Brenda Ordoñez, Reporter

It’s that time of year again. Students scramble to file their FAFSA, apply for scholarships and financially plan for next year’s tuition payments. Next year’s tuition…heard that’s rising. By how much? Where will it go? Why? To answer these questions President Andrew Manion and the Vice President of Business and Finance David Wong have been happy to talk more on this issue and inform the students further.  

As students, when there is talk about an increase in tuition panic sets in and emotions flare. However, Vice President Wong is here to explain why that is not necessary. Wong describes Marian’s tuition increase as “Kaizen,” meaning an incremental change in Japanese. He states that, “You don’t want to be zig-zag, a modest, slight increase is sustainable and not a heavy burden on students.” Keeping the students in mind, Marian’s “Kaizen” for next year will be a “minimal 2%” increase, which is $550 more for the entire school year according to Wong. This will accumulate to $275 more per semester. Despite this 2% increase, according to WAICU (Wisconsin Association of Independent Colleges and Universities), Marian University will still have the second lowest tuition in the state of Wisconsin in terms of private universities. 

Below is the Expenditure Allocations FY for the 2018-19 school year. The following percentages are likely to stay consistent throughout the upcoming years:  (these do not add up to 100, only 94)

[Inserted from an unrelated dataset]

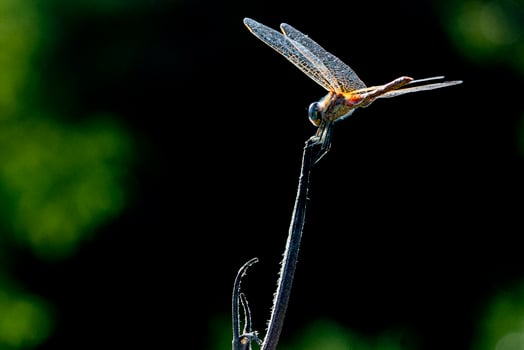 dragonfly macro close up photo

  • Aux Entprzs (on campus housing, Sodexo, bookstore…etc.) – 34% 
  • Financial Aid (aid for students) – 18% 
  • Ac Support (Library, Registrar’s Office, Provost Office…etc.) – 11% 
  • Stdnt Srvcs (RA’s, Speakers, Dean of Students, Athletics…etc.) – 16% 
  • Inst Support (Business Office, Presidents Office…etc.) – 10% 
  • Plant Ops (Maintenance of school…etc.) – 5%

When looking at the graph above, it is evident that most of students’ tuition is once again returned to the students in the form of financial aid. Yet, students are also reaping the benefits of their tuition expenses in many other categories displayed on the pie chart. Accumulating all the services shown on the graph, that are used to better academics, athletic programs, as well as students, on-campus life with the maintenance and upkeep of buildings, and student services totals to 51%, not including the 38% that is used for financial aid.  

Having answered the questions of how much tuition will increase and what it will be put towards, there is one question left, and that is “Why?” When asked about Marian’s economic status, President Manion expressed that, “Like most small, tuition-driven institutions, our economic status is what I would describe as challenged.” President Manion also states that the maintenance and upkeep of campus, the competitive wages for employees, and the “academic and support services students need and expect,” is expensive. Yet, he still strives to keep the “Marian educational experience as affordable as possible.” 

If students, staff, or faculty want to learn more about this topic, visit the Marian University website, as the information has been posted and is accessible to all. If students have further questions concerning the tuition increase, President Manion will be holding a presentation as well as answering questions about tuition on April 8th in the Palen room, located in the HSC. This presentation will be during Sabre hour and food and drinks will be provided by Student Senate. It is encouraged that you come with questions of your own on this issue and find the answers you need.